■ **To do**:
Your copy should contain exactly the lines from the start of the material through the line containing "Don't get tricked", and no pictures.

───

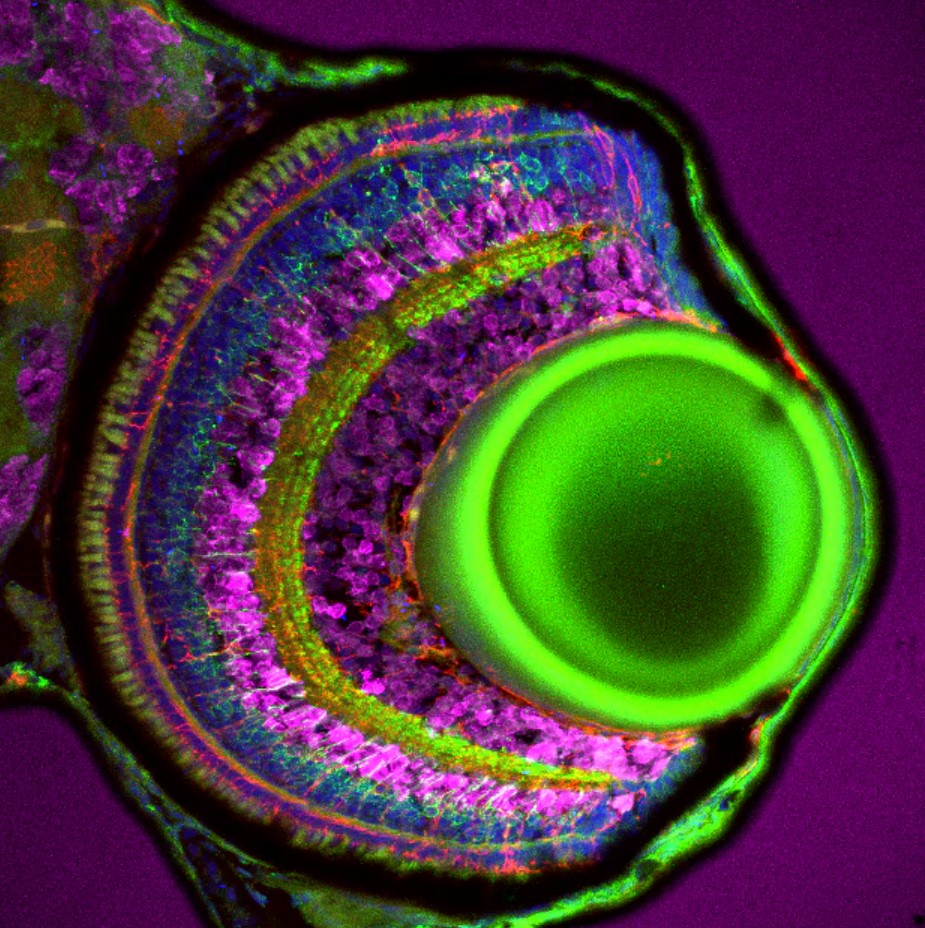 StainsFile's tweet image. Boost your immunofluorescence (IF) techniques in zebrafish retinae! 🐟 

@NJaroszynska from @MacDonald_Lab at @UCLeye shares a comprehensive review of IF steps, with tips for any tissue, in this @Proteintech blog. 

Check it out: bit.ly/479XKO4
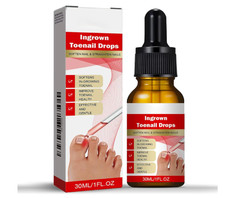Ingrown Toenail Treatment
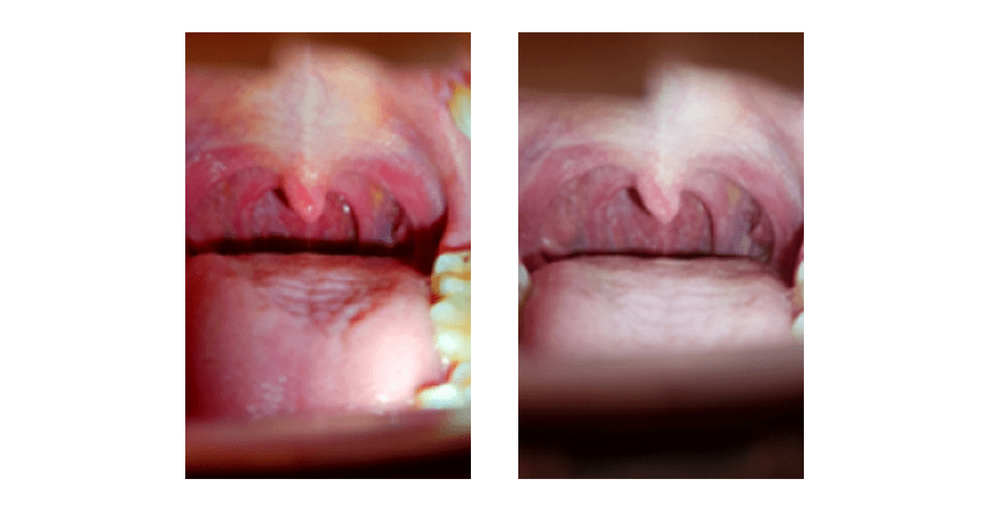 Результаты снижения покраснения в горле после применения Тантум Верде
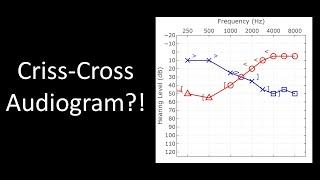 Don't get tricked by this audiogram! Masking tutorial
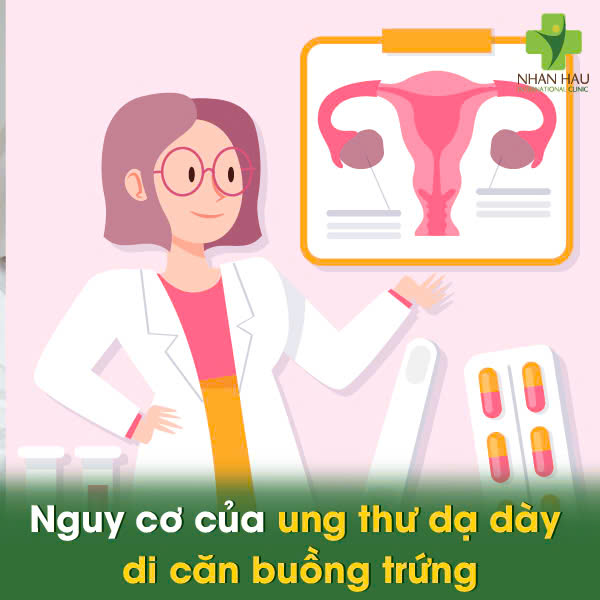 Nguy cơ của ung thư dạ dày di căn buồng trứng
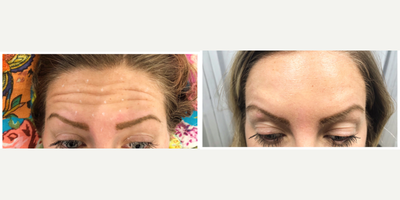 Botox before and after photo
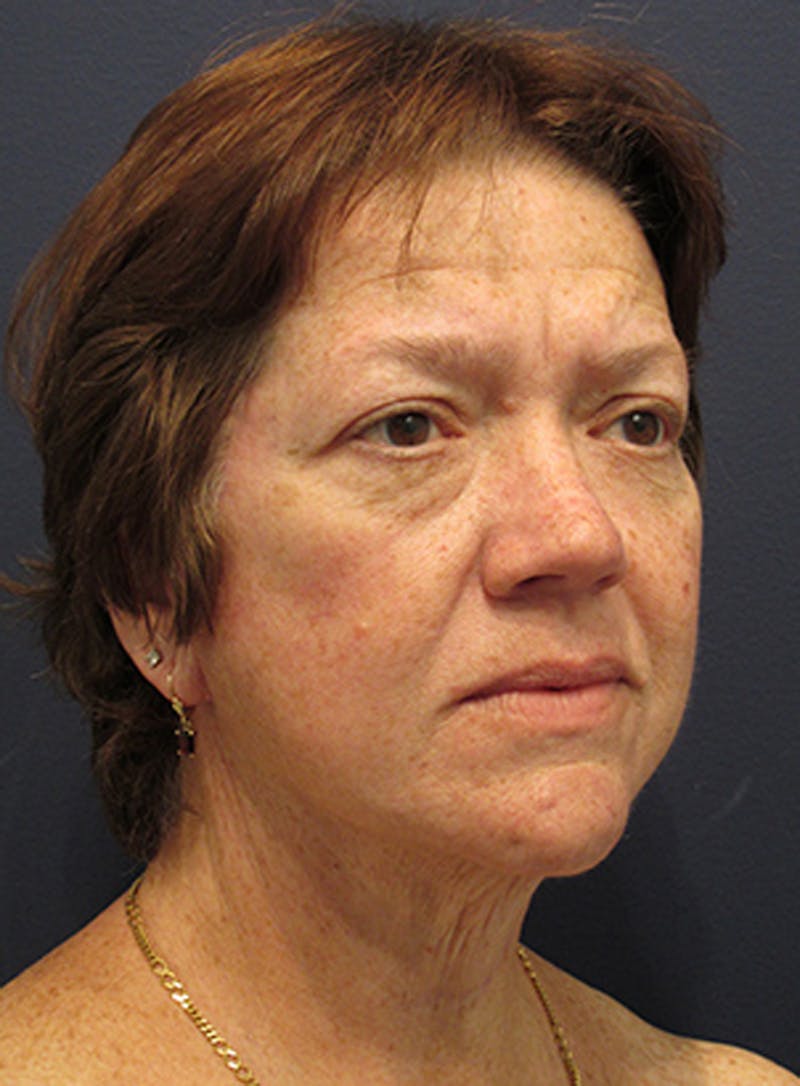 Facelift Before & After Gallery - Patient 174146499 - Image 4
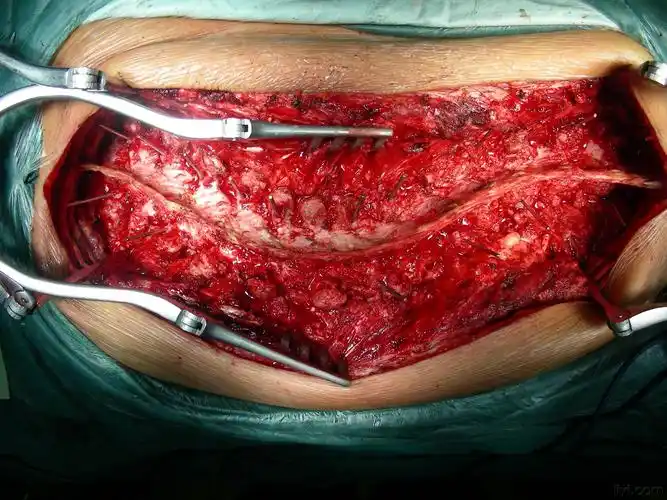 脊柱侧弯术中影像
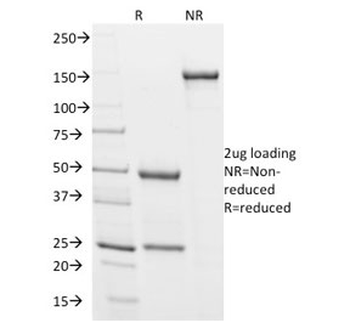 Podocalyxin Antibody / PODXL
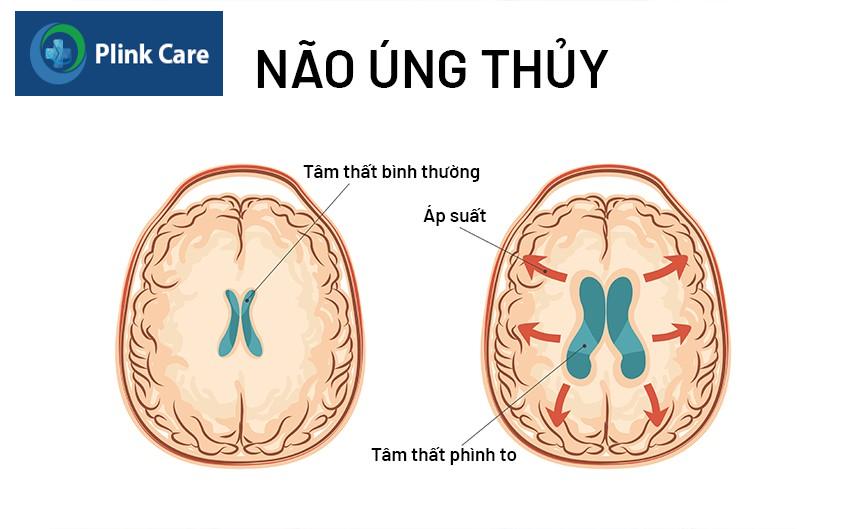 Dịch não tủy bị ứ đọng trong tâm thất, gây áp lực lên não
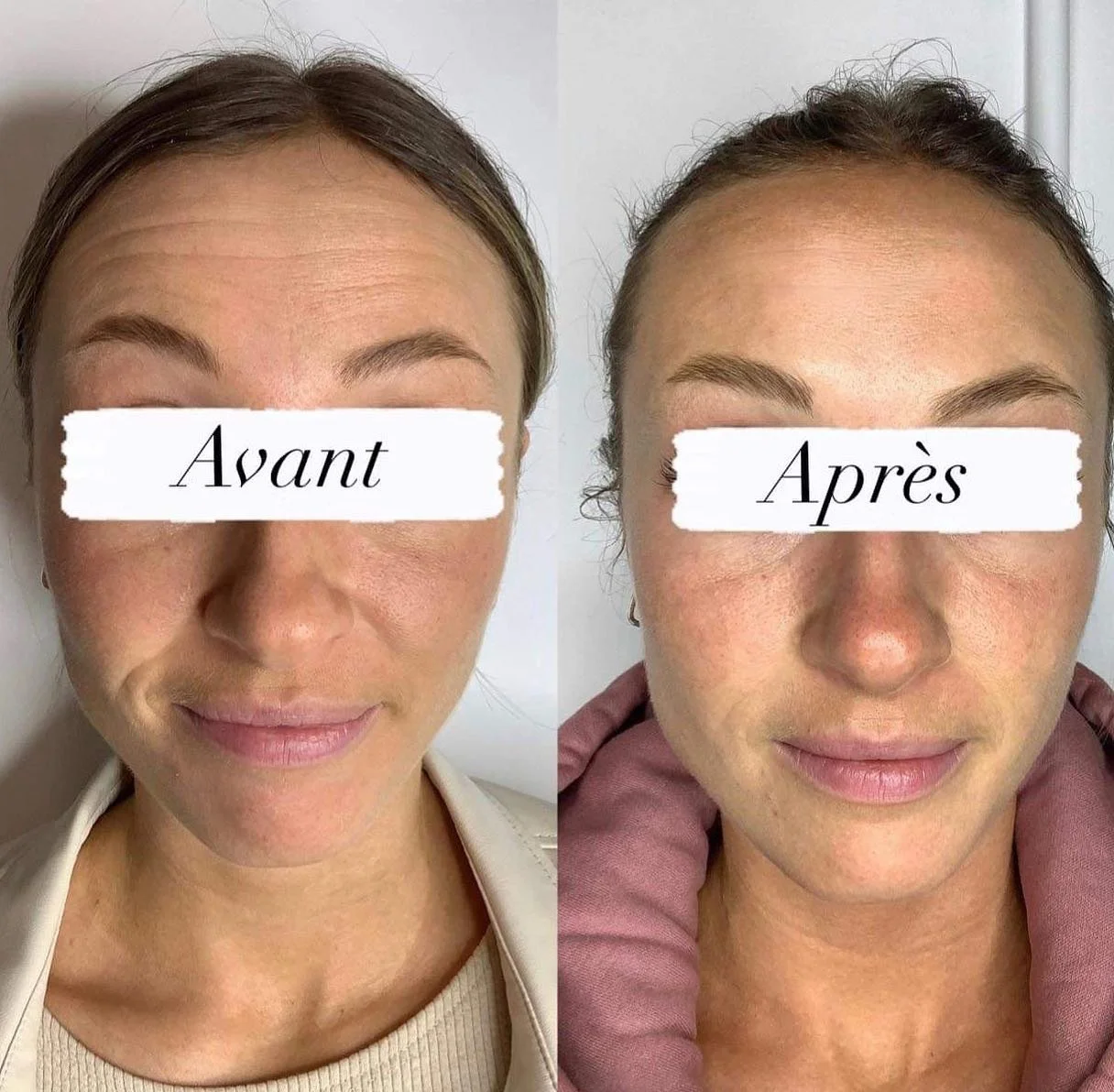 Comparaison visage d'une femme avant et après un traitement facial, montrant une peau plus claire et moins rouge dans la photo après.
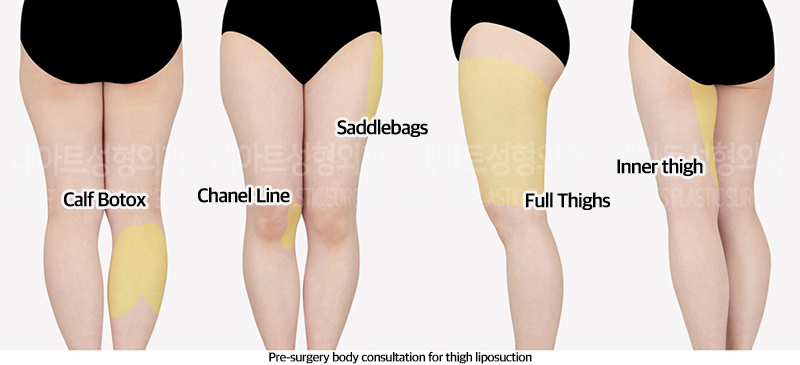 thigh_liposuction_02_01_240603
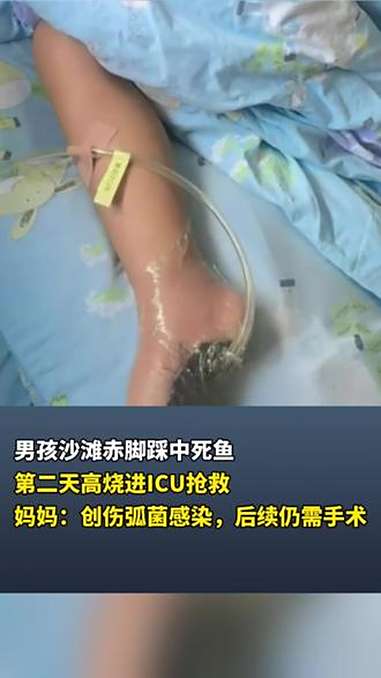 男孩沙滩赤脚踩中死鱼第二天高烧进ICU抢救妈妈:创伤弧菌感染,后续仍需手术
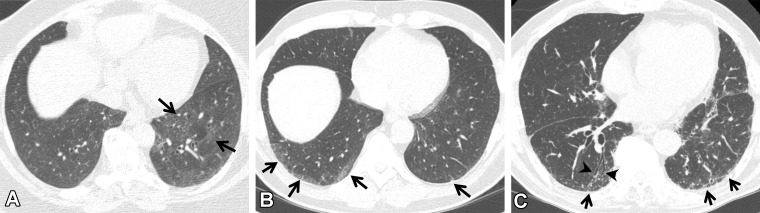 Subcategories of ILA seen on axial CT images. (A) Nonsubpleural ILA: faint ground-glass abnormality (arrows) in the central and subpleural areas of the lungs but not predominant in the subpleural area. (B) Subpleural nonfibrotic ILA: ground-glass abnormality (arrows) without fibrosis such as bronchiectasis and architectural distortion. (C) Subpleural fibrotic ILA: ground-glass abnormality and linear opacities (arrows), with traction bronchiectasis (arrowheads).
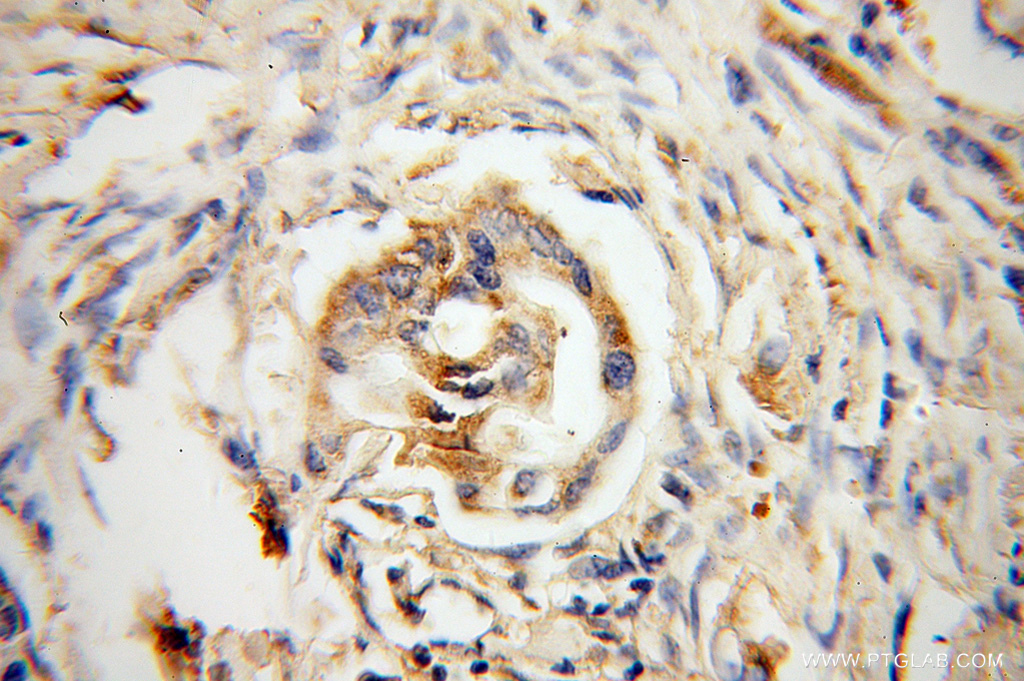 DHDH Polyclonal antibody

───

■ **Reply**:
 StainsFile's tweet image. Boost your immunofluorescence (IF) techniques in zebrafish retinae! 🐟 

@NJaroszynska from @MacDonald_Lab at @UCLeye shares a comprehensive review of IF steps, with tips for any tissue, in this @Proteintech blog. 

Check it out: bit.ly/479XKO4
Ingrown Toenail Treatment
 Результаты снижения покраснения в горле после применения Тантум Верде
 Don't get tricked by this audiogram! Masking tutorial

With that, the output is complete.